ACTIVITY
For every record that follows, write out the text exactly and omit the picture, if one is present.

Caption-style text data
┄┄┄┄┄┄┄┄┄┄┄┄┄┄┄┄┄┄┄┄
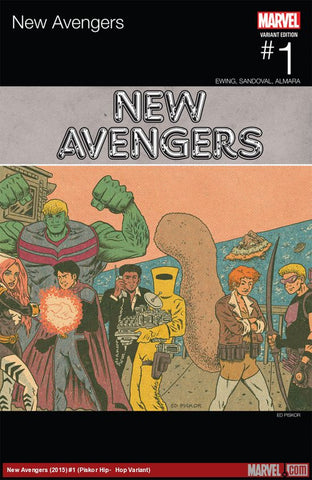 New Avengers #1 - Ed Piskor Hip Hop Variant - Cyber City Comix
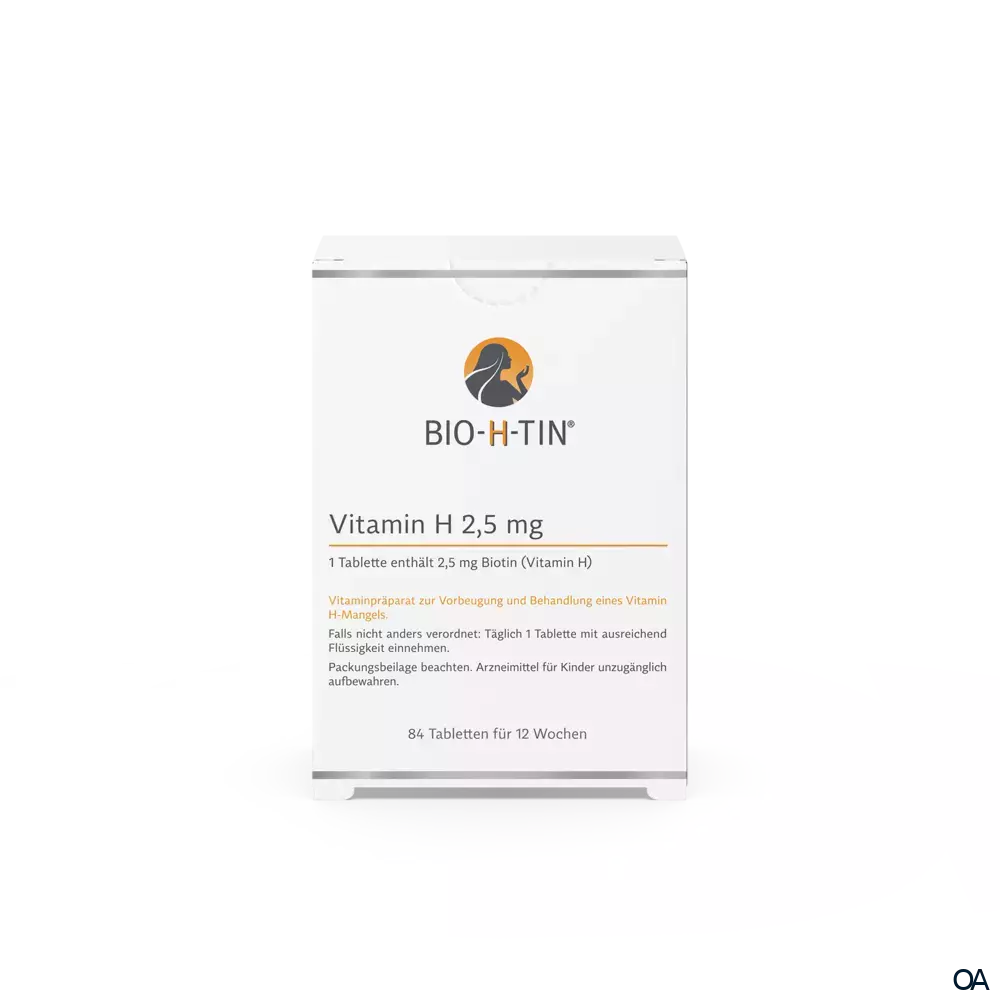 BIO-H-TIN® Vitamin H 2,5 mg Tabletten 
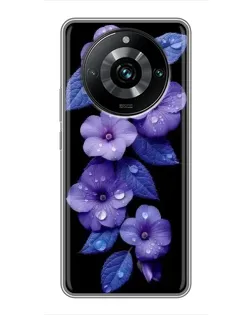 Чохол для Realme 11 Pro Plus з картинкою «Фіолетові квіти з росою» Чохол для Realme 11 Pro Plus з картинкою «Фіолетові квіти з росою»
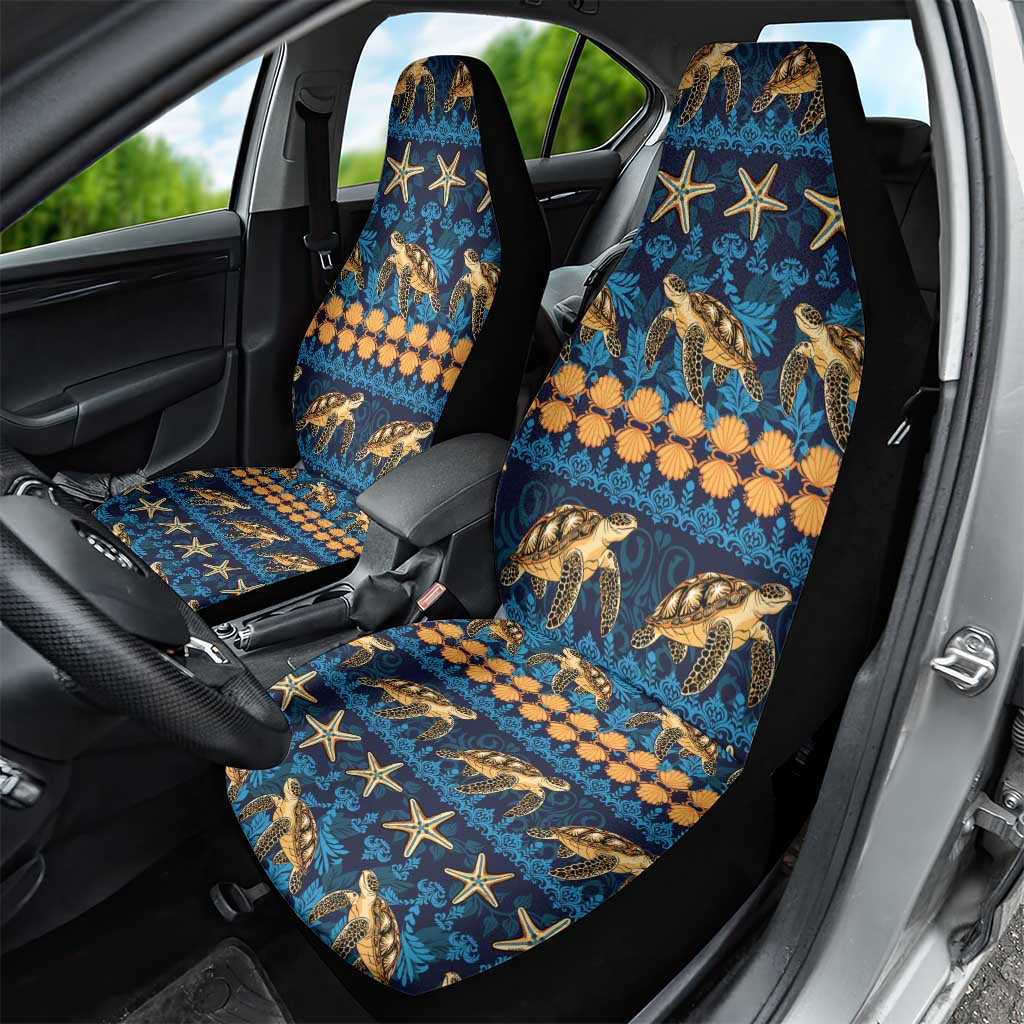 Hawaii Turtles Starfish Unique Pattern Car Seat Cover - Polynesian Pride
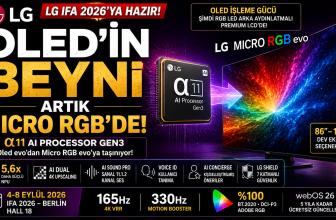LG OLED’in Beynini Micro RGB’ye Taşıyor: α11 Gen3 IFA 2026’nın Merkezinde
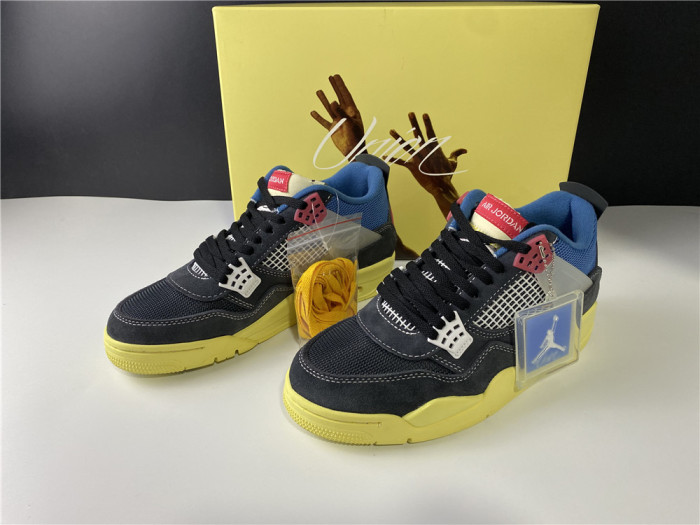 AIR JORDAN 4 RETRO UNION OFF NOIR DC9533-001 - CCSHOES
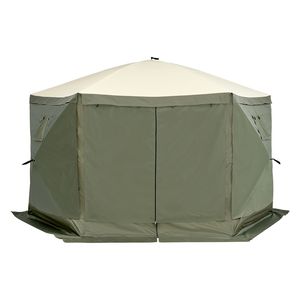 Gazebo Pop-Up 12x12 piedi con 6 Finestre in Rete Rimovibili per la Privacy e Protezione dal Vento, Tenda a 6 Lati con Zanzariera - Product Image 3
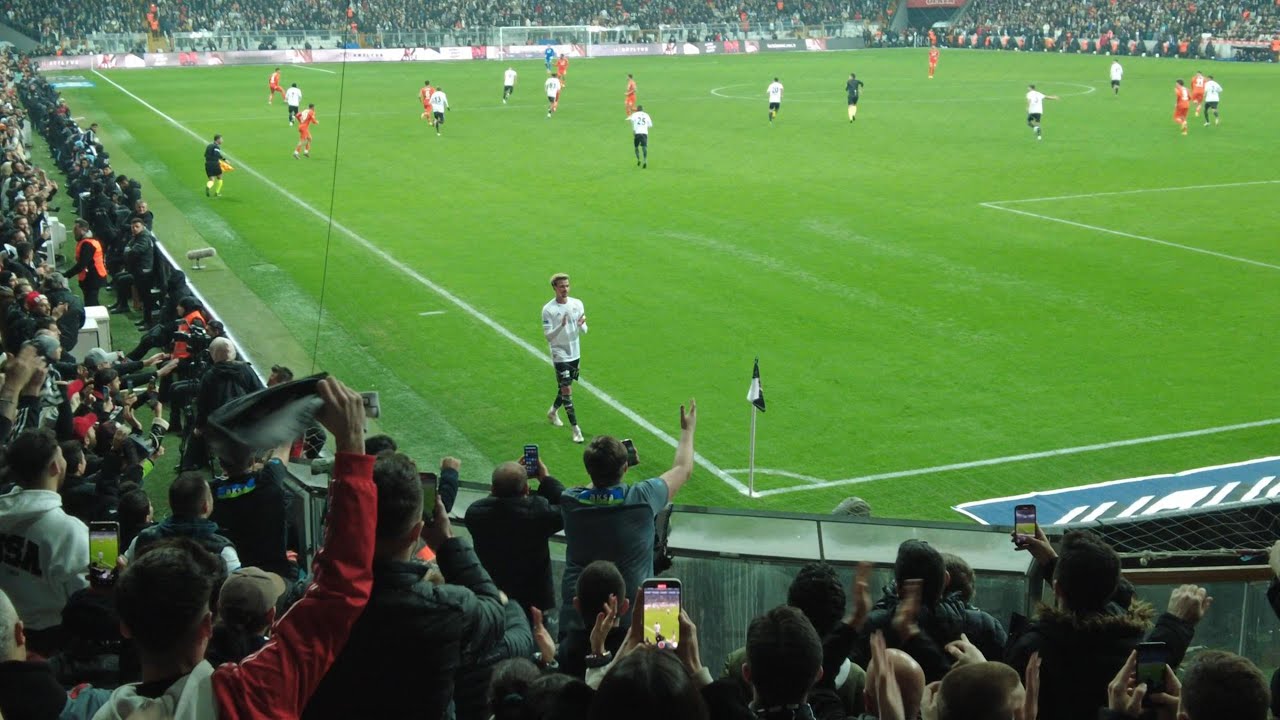 Vlog| Beşiktaş - Alanyaspor 3-0 | Tribün Atmosferi (Kuzey Alt)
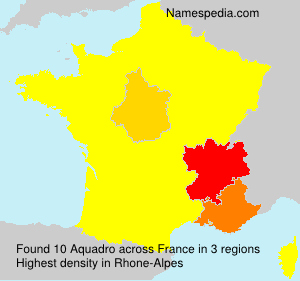 Surname Aquadro in France
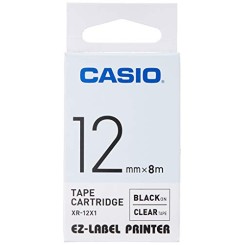 Casio XR-12X Label Printer Tape (Clear)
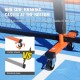 Comprar Sistema de Red de Pickleball portátil, Red de tamaño Regulable de 672 cm con Bolsa, Ruedas y Bolas, Marco de Metal Estable Resistente a la Intemperie y Red de PE Fuerte, Juego al Aire Libre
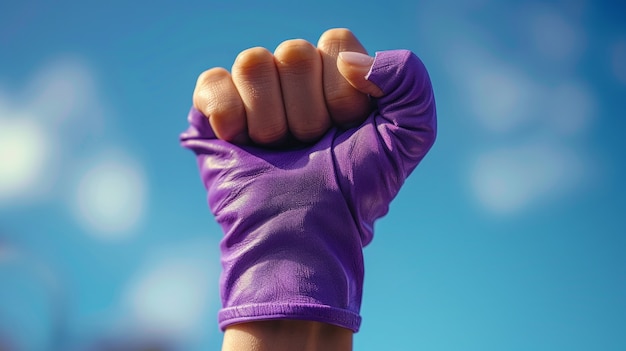 Free photo women protesting for rights on women's day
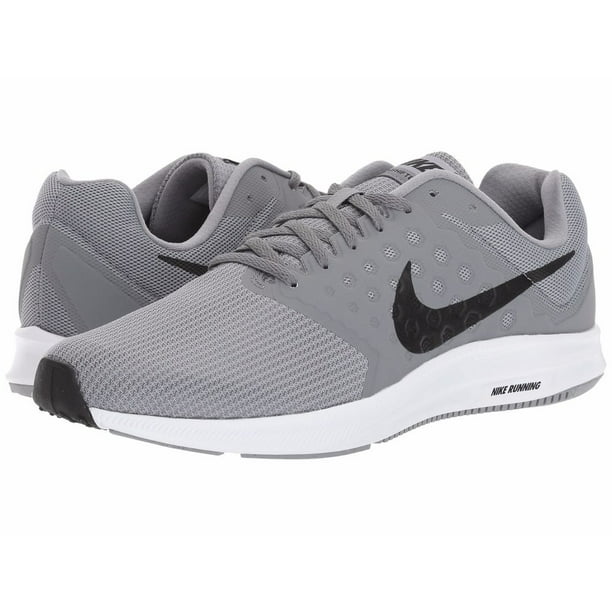 Nike DOWNSHIFTER 7 Black Athletic Running Shoes - Walmart.com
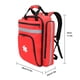 thumbnail image 2 of Mochila de Primeros Auxilios MYDAYS OUTDOOR 36x20x44cm Roja, 2 of 9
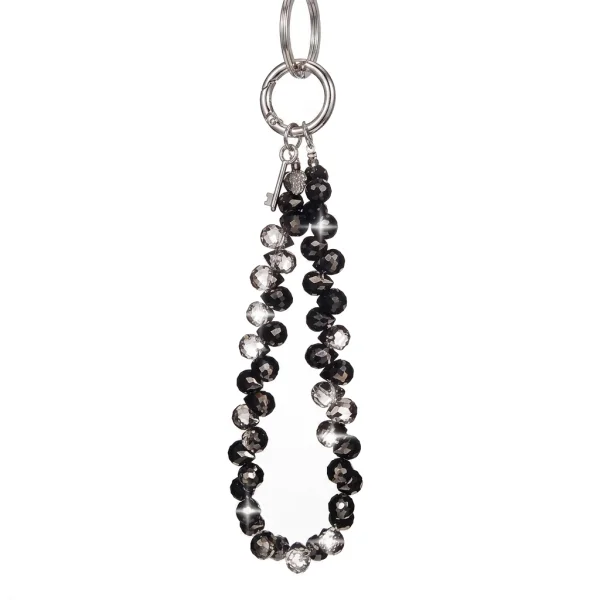 Универсална връзка за телефон 14cm Crystal Bead Clear, черен 1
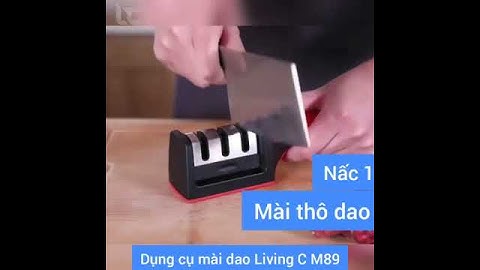 Dụng cụ mài dao kéo 3 cấp độ cầm tay Living C , mài dao nhanh bén siêu tiện lợi  M89 1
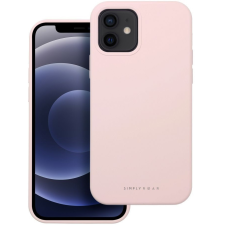 utángyártott Roar Samsung Galaxy S25 prémium szilikon tok velúr béléssel, világos rózsaszín tok és táska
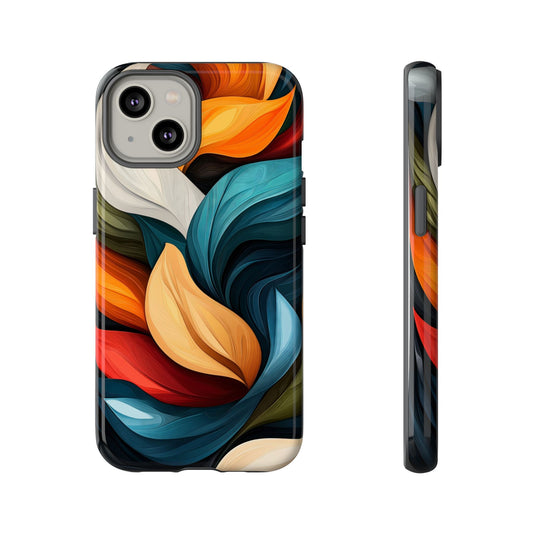 Floral Flow Abstract Phone Case – Nature-Inspired Design for iPhone, Google Pixel & Samsung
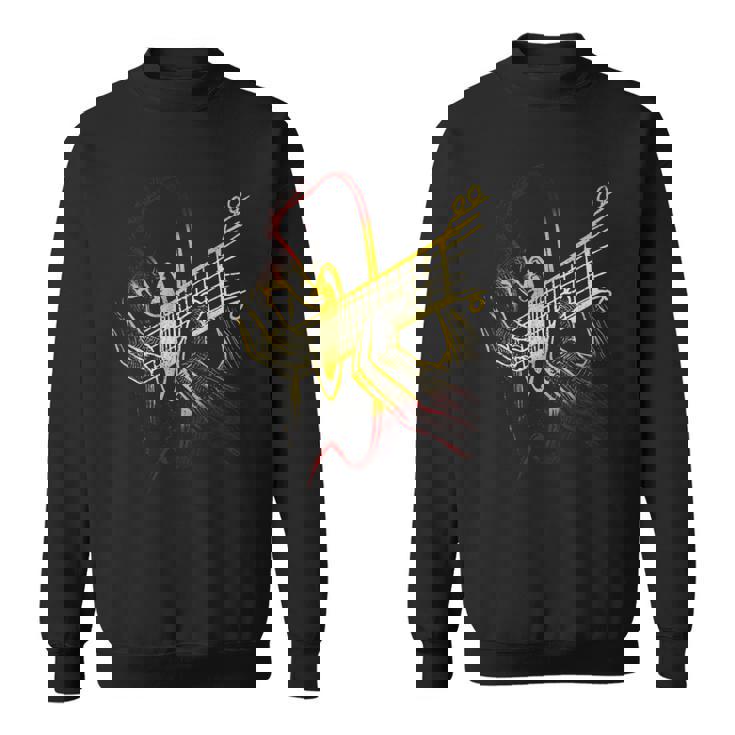 ギターシャツ アコースティックギター ヴィンテージギター スウェットシャツ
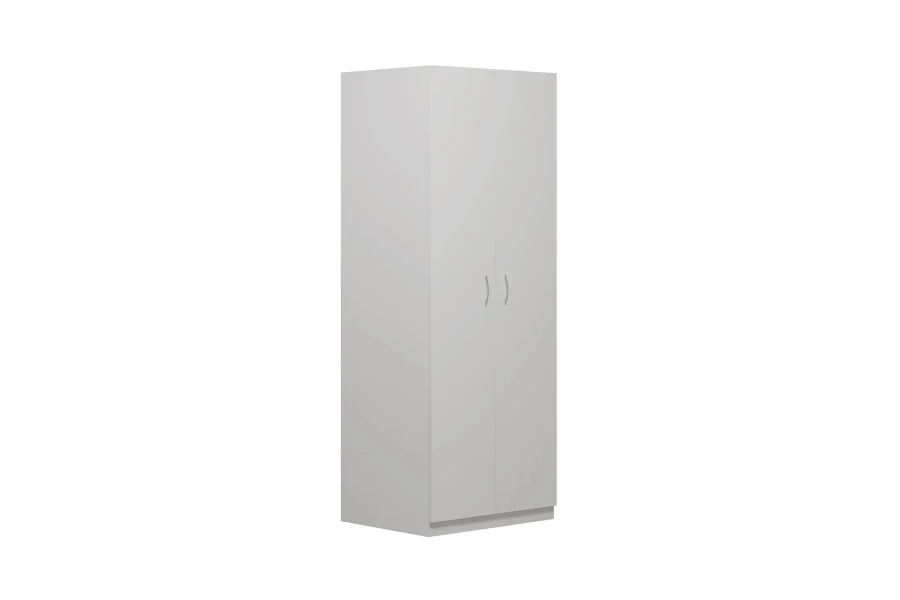 Шкаф 2 дверный Пегас - аналог IKEA KLEPPSTAD,78х58х202,белый (изображение №1)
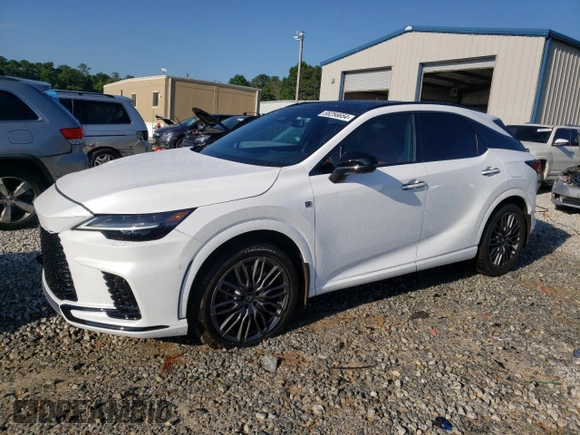 2023 Lexus RX with VIN 2T2BCMEAXPC006344, listed as a Copart auction lot 58256654 with 9,590 mi miles and Salvage Title. Bid and sale history available at carsss.com. Image 1.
┄┄┄┄┄┄┄┄┄┄┄┄┄┄┄┄┄┄┄┄
RESULT
 New Avengers #1 - Ed Piskor Hip Hop Variant - Cyber City Comix
 BIO-H-TIN® Vitamin H 2,5 mg Tabletten 
 Чохол для Realme 11 Pro Plus з картинкою «Фіолетові квіти з росою» Чохол для Realme 11 Pro Plus з картинкою «Фіолетові квіти з росою»
 Hawaii Turtles Starfish Unique Pattern Car Seat Cover - Polynesian Pride
LG OLED’in Beynini Micro RGB’ye Taşıyor: α11 Gen3 IFA 2026’nın Merkezinde
 AIR JORDAN 4 RETRO UNION OFF NOIR DC9533-001 - CCSHOES
 Gazebo Pop-Up 12x12 piedi con 6 Finestre in Rete Rimovibili per la Privacy e Protezione dal Vento, Tenda a 6 Lati con Zanzariera - Product Image 3
 Vlog| Beşiktaş - Alanyaspor 3-0 | Tribün Atmosferi (Kuzey Alt)
 Surname Aquadro in France
 Casio XR-12X Label Printer Tape (Clear)
 Comprar Sistema de Red de Pickleball portátil, Red de tamaño Regulable de 672 cm con Bolsa, Ruedas y Bolas, Marco de Metal Estable Resistente a la Intemperie y Red de PE Fuerte, Juego al Aire Libre
 Free photo women protesting for rights on women's day
 Nike DOWNSHIFTER 7 Black Athletic Running Shoes - Walmart.com
 thumbnail image 2 of Mochila de Primeros Auxilios MYDAYS OUTDOOR 36x20x44cm Roja, 2 of 9
 Универсална връзка за телефон 14cm Crystal Bead Clear, черен 1
 Dụng cụ mài dao kéo 3 cấp độ cầm tay Living C , mài dao nhanh bén siêu tiện lợi  M89 1
 utángyártott Roar Samsung Galaxy S25 prémium szilikon tok velúr béléssel, világos rózsaszín tok és táska
 Floral Flow Abstract Phone Case – Nature-Inspired Design for iPhone, Google Pixel & Samsung
 ギターシャツ アコースティックギター ヴィンテージギター スウェットシャツ
 Шкаф 2 дверный Пегас - аналог IKEA KLEPPSTAD,78х58х202,белый (изображение №1)
 2023 Lexus RX with VIN 2T2BCMEAXPC006344, listed as a Copart auction lot 58256654 with 9,590 mi miles and Salvage Title. Bid and sale history available at carsss.com. Image 1.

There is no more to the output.